Experts: What Linux is doing wrong on the desktop

26.04.2006
As the speakers at this week's fourth annual Linux Desktop Summit in San Diego looked out onto their audiences, they couldn't help but notice that the number of attendees sporting t-shirts, sandals and bushy facial hair -- the stereotypical Linux movement diehards -- was much reduced from previous conferences.

The message they offered the crowds echoed the longtime desire among Linux fans to see the open-source operating system loosen the stranglehold Windows enjoys on the desktop. But this time that message was leavened with criticism of the Quixotic strategies Linux proponents and vendors still often rely on.

One of the biggest obstacles to acceptance of desktop Linux by corporate IT is the perception that proponents of the OS are, well, troublemakers, according to Rob Enderle, principal analyst with San Jose, Calif.-based The Enderle Group. "The closest thing you have to a union in IT are Apple users and Linux users," he said. "Nobody else revolts like that."

CIOs, for ease of management, generally prefer that employees all use the same operating system. The rule of thumb Enderle subscribes to is that support costs increase by the square of the number of platforms. So if a company runs two operating systems, support costs increase by 4 times. If a company runs Windows, Mac and Linux, support costs increase 9 times.
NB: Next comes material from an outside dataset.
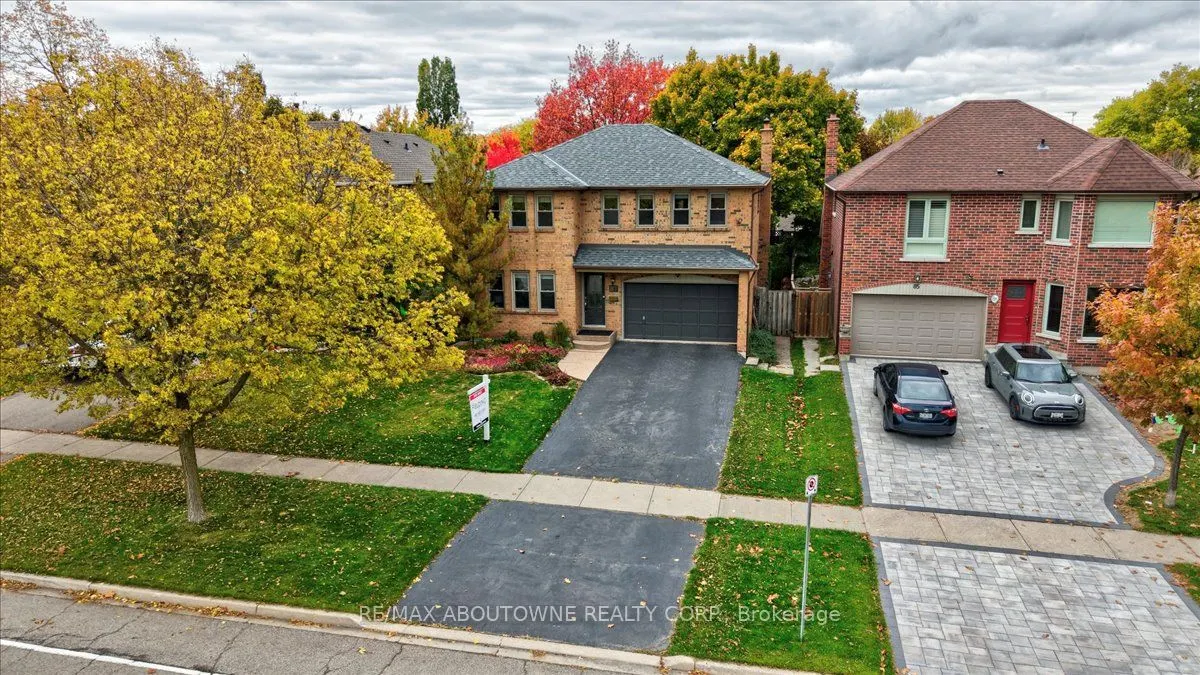 87 River Oaks Boulevard W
But whenever CIOs openly try to consolidate operating systems, they run into pockets of resistance from diehards who say "nasty things and threaten to quit." Faced with that, most CIOs will simply try to limit the growth of Mac and Linux desktop systems "to maintain some respect and decorum, as well as keep their own jobs."

Nine million Linux PCs are expected to be shipped this year, according to IDC, growing to 17 million in 2008. While less than 4 percent of PCs expected to be sold in North and South America in 2008 will come with Linux, about 9 percent in the Asia-Pacific and Europe, Middle East and African regions will be.